Le soir même, à table, il dormait littéralement debout, rompu de fatigue.
- Tu ne manges rien ? lui avait demandé sa mère, toujours inquiète quand une assiette était vide.
- Si... ça ! avait-il répondu, en montrant sa noix.
Il la brisa avec son pouce, ce qui impressionna son père.
- Tu ne peux pas manger que ça ! avait déclaré Armand. Ça ne nourrit pas son homme, une noix !
- Celle-là, si !
- Pourquoi celle-là en particulier ? avait bêtement demandé le père.
Difficile pour lui d'imaginer une différence, il n'en faisait aucune entre la noix, l'amande, l'olive, les chips et les apéricubes. Toutes ces babioles ne faisaient partie que des amuse-bouches qu'on servait pendant l'apéritif. Son fils, lui, faisait bien la différence.
- Parce que celle-là, précisément... je la mérite ! avait répondu son fils, avant de prendre son temps pour la manger.
Archibald se racla la gorge pour attirer l'attention de son petit-fils puis le vieil homme ouvrit doucement le haut de sa chemise et montra discrètement à Arthur le coquillage qu'il avait lui aussi autour du cou. Ils échangèrent un sourire complice. Archibald était tellement fier qu'Arthur ait également réussi son épreuve qu'il ne put s'empêcher de verser une larme.
Le grand chef prend un bâton et remue un peu les braises.
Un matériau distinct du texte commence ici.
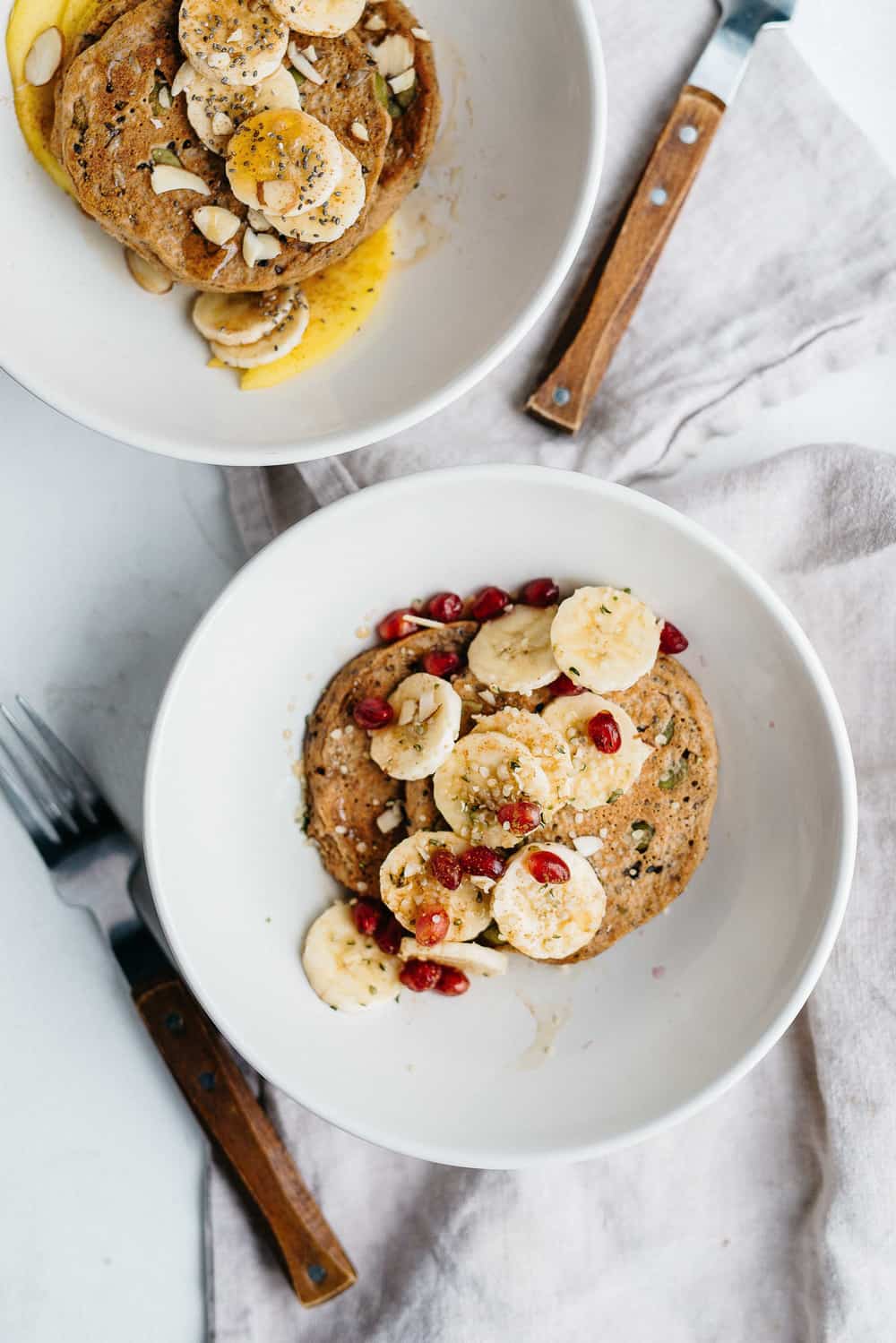 Gluten free super seed pancakes by Dolly and Oatmeal / 10 clean-eating food bloggers we love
Tous ces souvenirs le font sourire. Arthur s'était vraiment bien débrouillé et avait mérité largement sa place dans le clan. Il faut donc maintenant lui faire confiance.
Un guerrier se penche sur le feu et regarde le pot qui chauffe sur les braises.
- Qui veut encore un petit verre de marguerite ? lance le guerrier en souriant.
Le groupe se met à ricaner, en souvenir du fou rire qu'ils avaient eu le matin même, quand Arthur était encore parmi eux.
Mais tout à coup, le groupe entier sursaute en voyant apparaître Marguerite, comme un fantôme sorti tout droit du pot de fer pour se venger.
- Eh bien, dites donc ?! Vous êtes bien émotifs pour des grands guerriers ! balance la grand-mère, bien en vie et surtout bien réveillée.
- Excusez-nous, Marguerite, mais... on parlait justement de vous ! balbutie le chef.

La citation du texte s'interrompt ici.